Crown alleges woman buried weapons used to kill three Six Nations residents
The trial of a woman accused of being an accessory after the fact to a triple homicide last year west of London got underway in court Friday.
Kirsten Bomberry is charged with three counts of accessory after the fact following the deaths of three Six Nations residents whose bodies were found near Oneida of the Thames First Nation.
Bomberry has pleaded not guilty.
Melissa Miller, 37, her cousin Alan Porter, 33, and his friend Michael Jamieson, 32, were found dead in a stolen pickup truck on Nov. 4, 2018.
Miller was seven months pregnant. Court heard she was stabbed multiple times in the chest. Porter was also stabbed and Jamieson was shot in the chest, the Crown says.
The Crown claims Bomberry buried the weapons that were used in the killings.
Crown attorney Joe Perfetto laid out details to the court of the day the bodies were found. "Hunters observed what appeared to be three bodies wrapped in blankets, bound with cord and covered by a tent in the bed of a pick-up truck," he said.

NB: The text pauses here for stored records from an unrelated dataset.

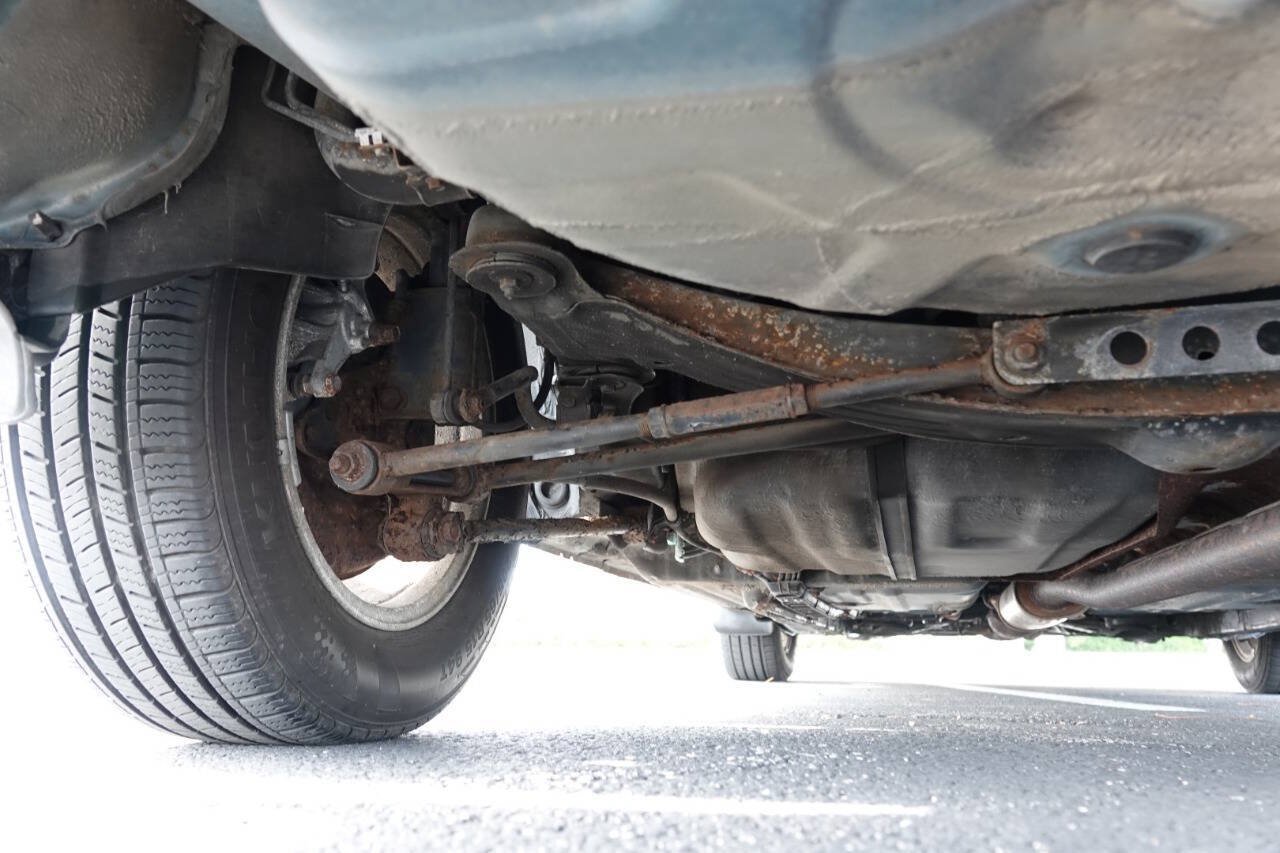 Used 1999 Toyota Avalon XLS FWD image 96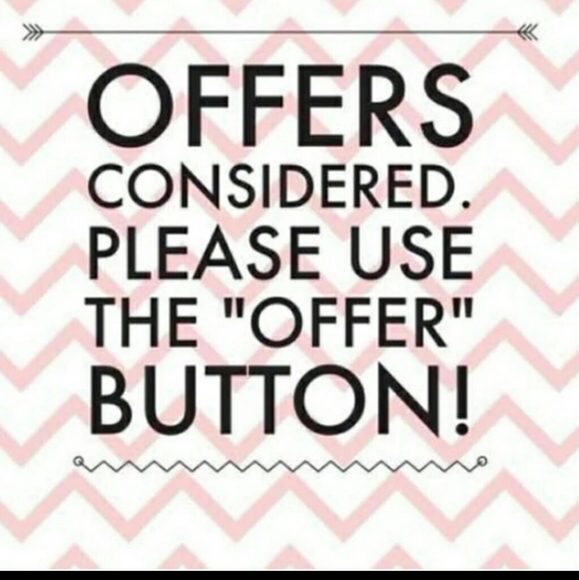 BCBG Athena black leather with gold hardware size 8.5M - Picture 8 of 8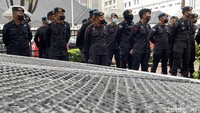 Namun, mereka mengimbau peserta aksi dapat menggelar unjuk rasa secara tertib dan mengikuti ketentuan sesuai dengan UU Nomor 9 tahun 1998 dalam menyampaikan pendapatnya.  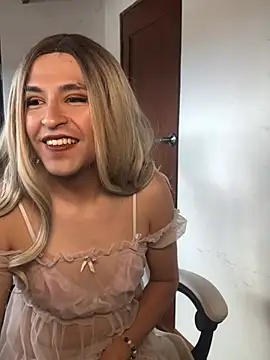 Snapshot of Aly_scarf chatting on January 6, 4:55 pm Aly scarf online show from January 6, 4:55 pm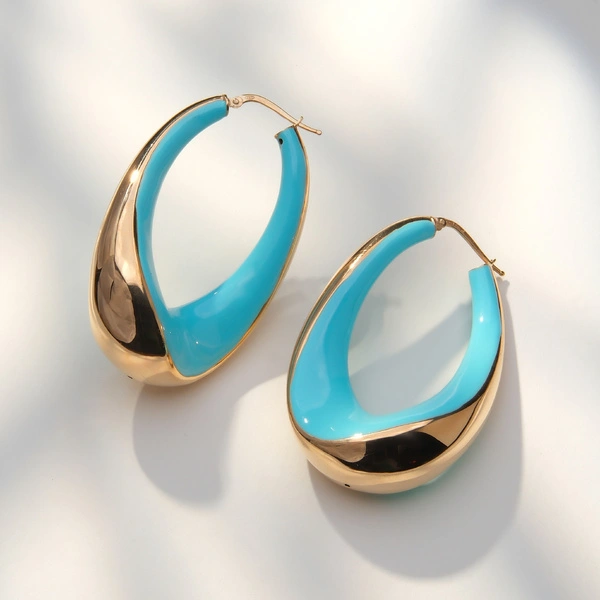 Owalne pozłacane kolczyki z błękitnym akcentem z emalii. ŻYCIE PO WŁOSKU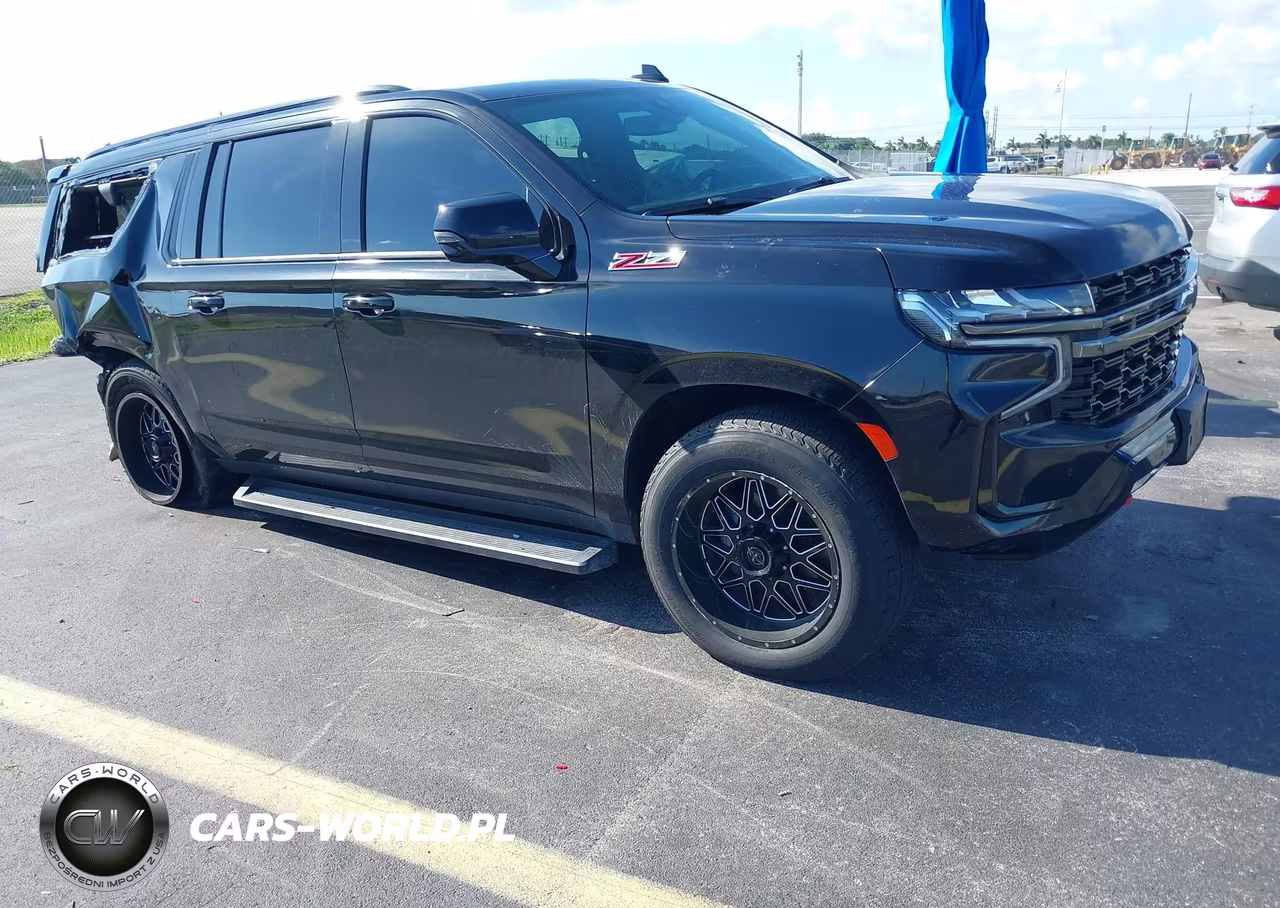 2021 Chevrolet Suburban 4Wd Z71 – zdjęcie 1 z 15
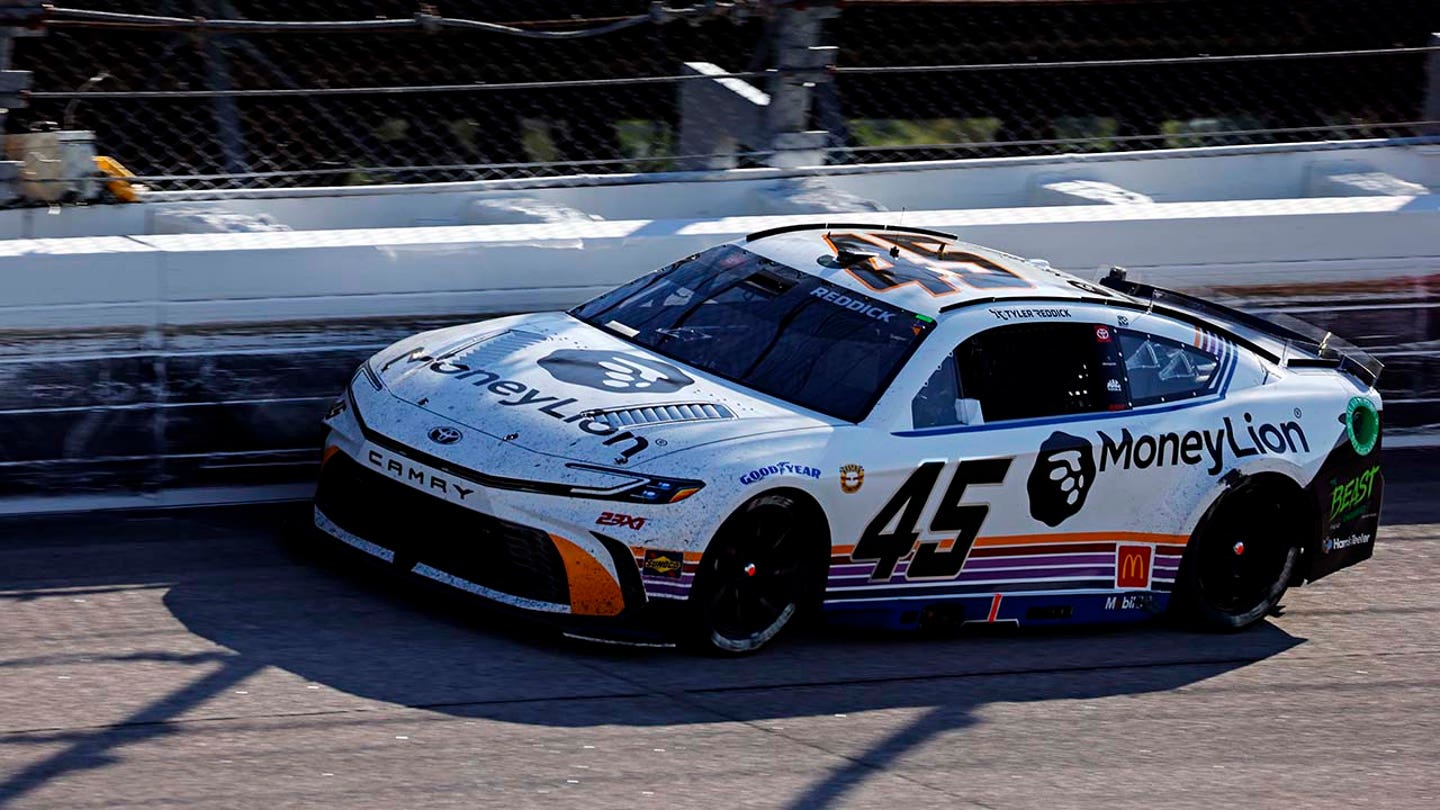 Chris Buescher angrily confronts Tyler Reddick after late-race incident at Darlington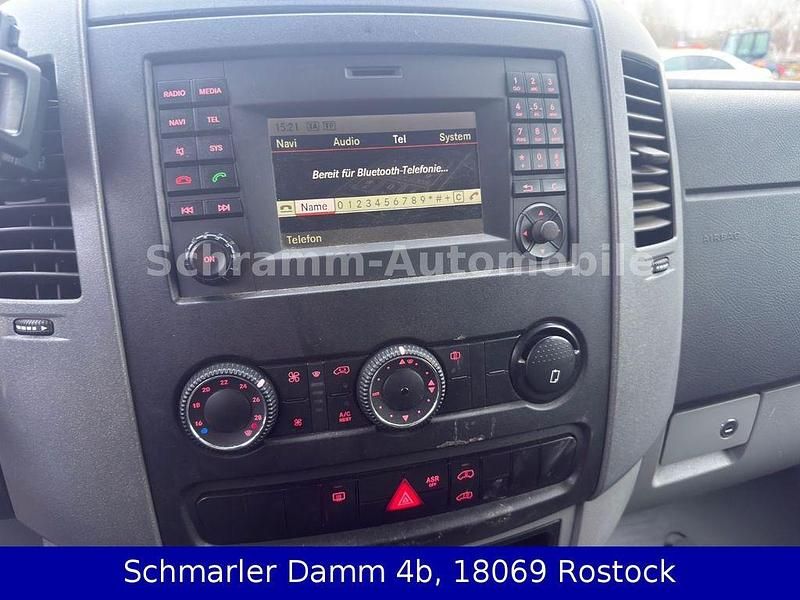 Gebraucht VW Crafter 136 PS (100 kW) 2015 Blau Van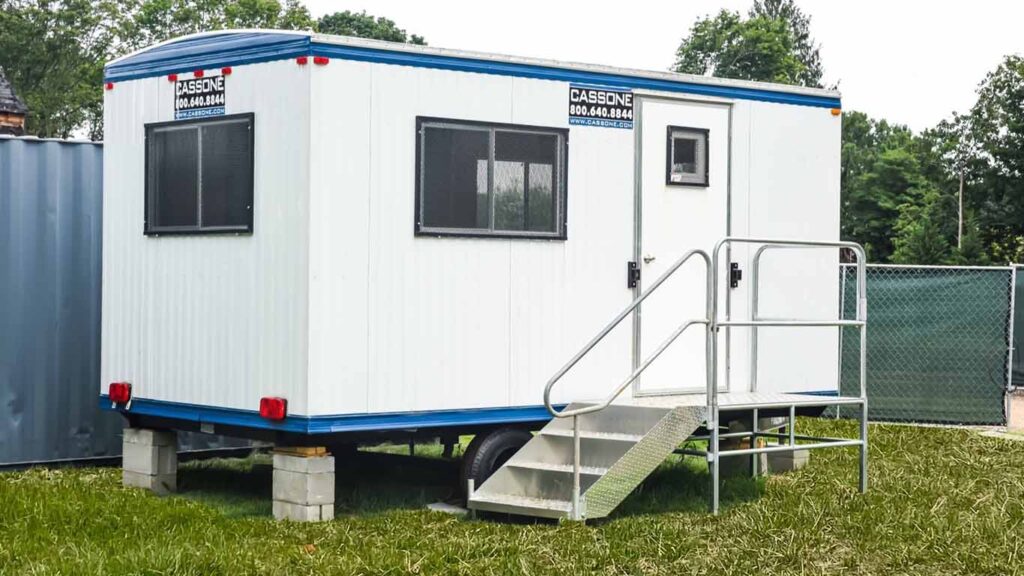 How To Choose The Best Office Trailer Rental For Your Needs on ezguestpost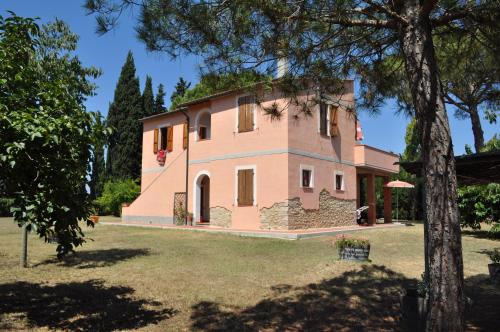 Agriturismo Morisfarms Podere Cancelloni — 4-Star Luxury Hotel in Massa Marittima, Italy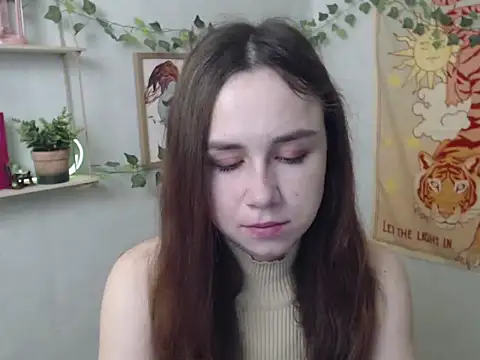 VeryVeryVeryShy  online show from April 9, 5:43 am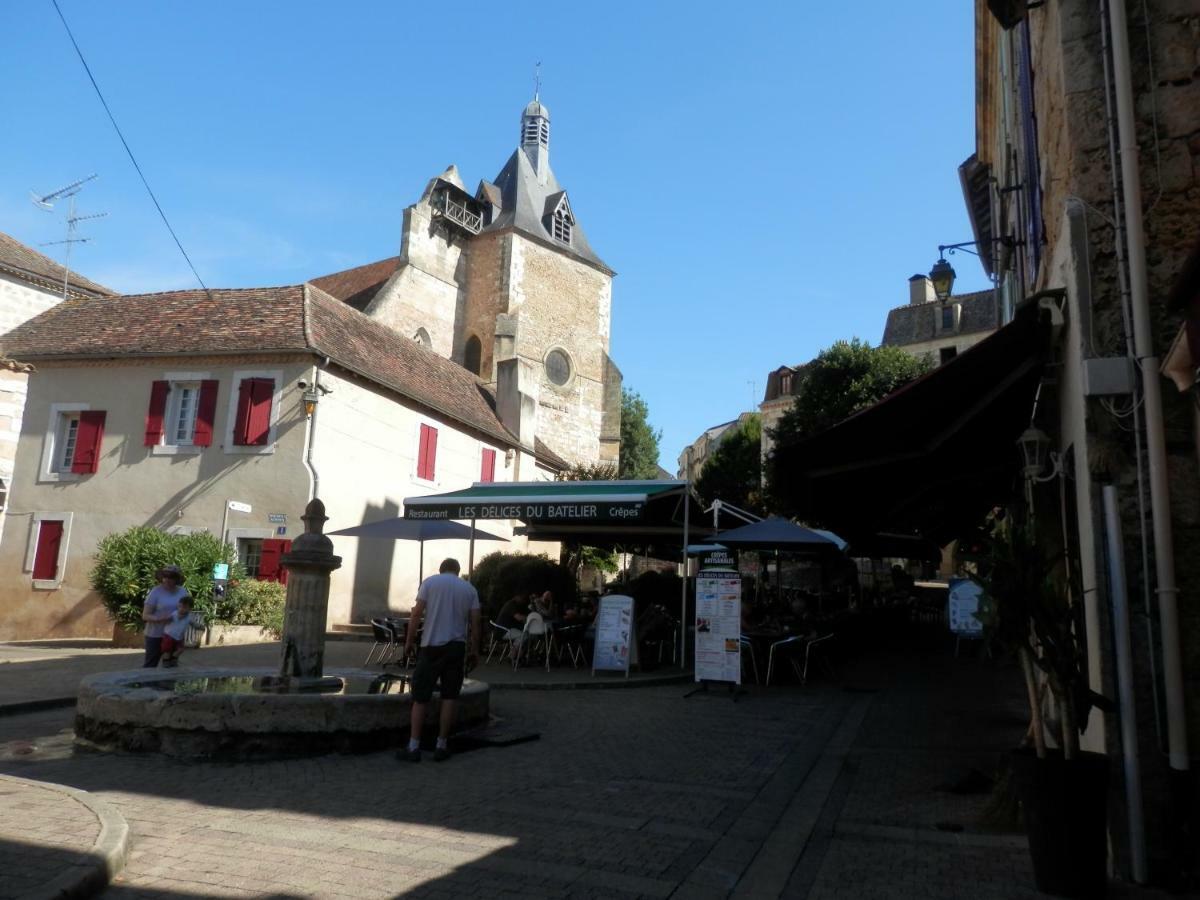 Couette Et Cafe Cyrano Apartment Bergerac Exterior foto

He told the court that "the murders occurred at Bomberry's residence the evening of October 28."
The Crown alleges Bomberry hid knives and a shotgun it says were used in the killings.
"Kirsten Bomberry showed (a witness) where she had reburied the weapons in a field off highway 54," Perfetto said.
He went on to say that days after the deaths, there was a constant fire burning at the property.
Nicholas Shipman, 36, Thomas Bomberry, 30, and Jamie Beaver, 32, all of Six Nations of the Grand River are charged in the deaths.
Shipman is facing with three counts of second-degree murder, while Thomas Bomberry is facing two counts of second-degree murder in the deaths of Miller and Porter.
The trial continues Tuesday.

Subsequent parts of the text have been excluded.